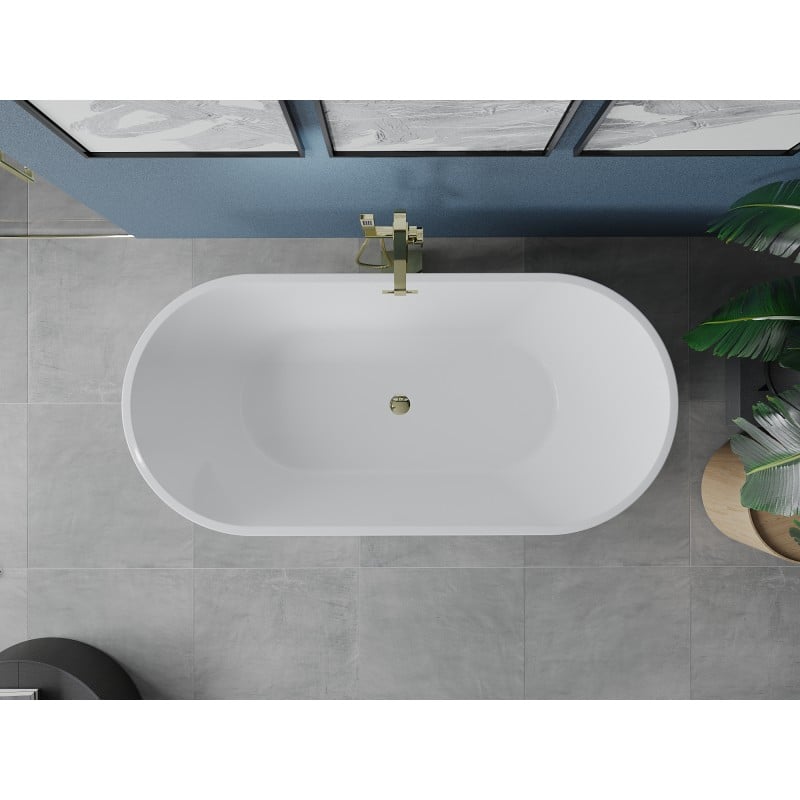Mexen Luna freistehende Badewanne 140 x 75 cm, weiß/schwarz, Überlauf gold - 52031407575-50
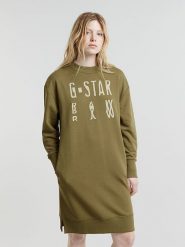 G-Star Sukienka dresowa w kolorze khaki rozmiar: XL. Brązowe sukienki damskie G-Star, bez wzorów, z dresówki, retro, bez ramiączek. Za 224.52 zł.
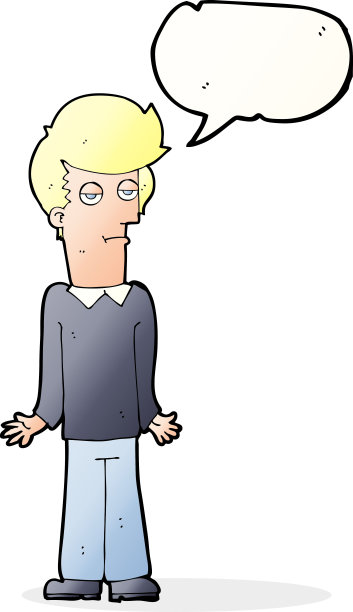 卡通无聊男子耸肩与对话气泡图片下载
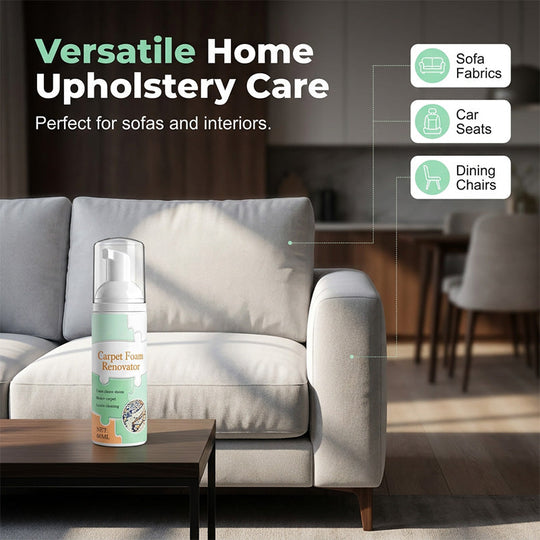 🧹🔥LIMITED TIME 50% OFF! Waterless Carpet Foam Stain Remover, No-Rinse Fabric Cleaning Foam with Free Cleaning Towel for Carpet, Sofa, Mattress, Car Upholstery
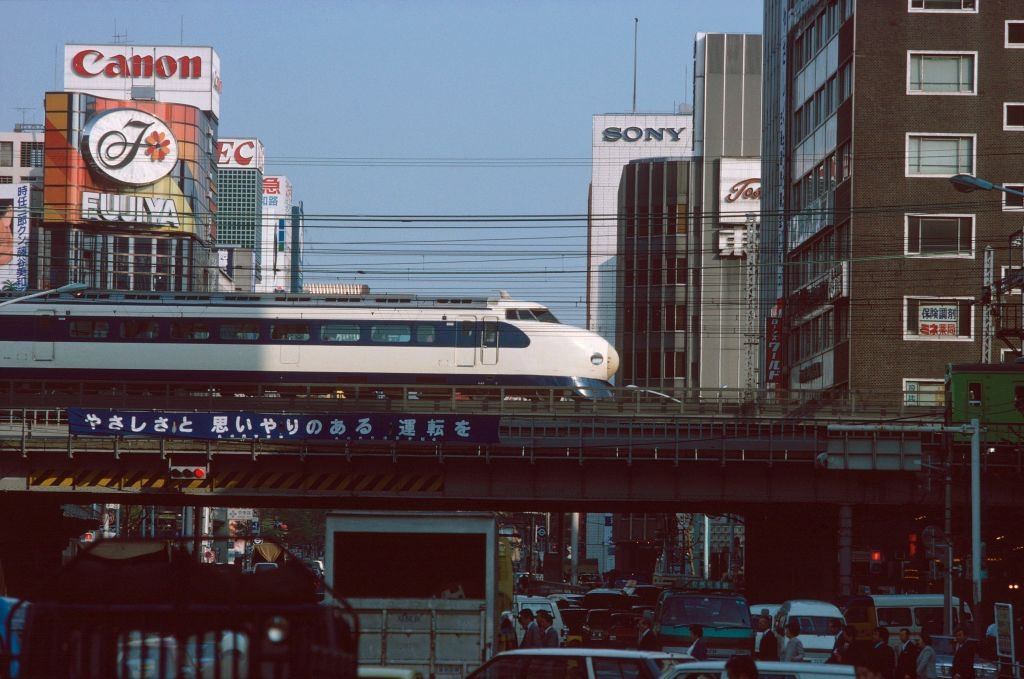 The train "Shinkansen", Tokyo, 1980s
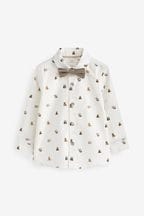 White Smart Print Shirt With Bow Tie (3mths-7yrs)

● ● ●

Exercise brief ::
When the line that holds "卡通无聊男子耸肩与对话气泡图片下载" is reached, begin duplicating exactly, and continue through the last line of the listing, skipping the pictures; output nothing else.

Solution to this task ::
 卡通无聊男子耸肩与对话气泡图片下载
 🧹🔥LIMITED TIME 50% OFF! Waterless Carpet Foam Stain Remover, No-Rinse Fabric Cleaning Foam with Free Cleaning Towel for Carpet, Sofa, Mattress, Car Upholstery
 The train "Shinkansen", Tokyo, 1980s
 White Smart Print Shirt With Bow Tie (3mths-7yrs)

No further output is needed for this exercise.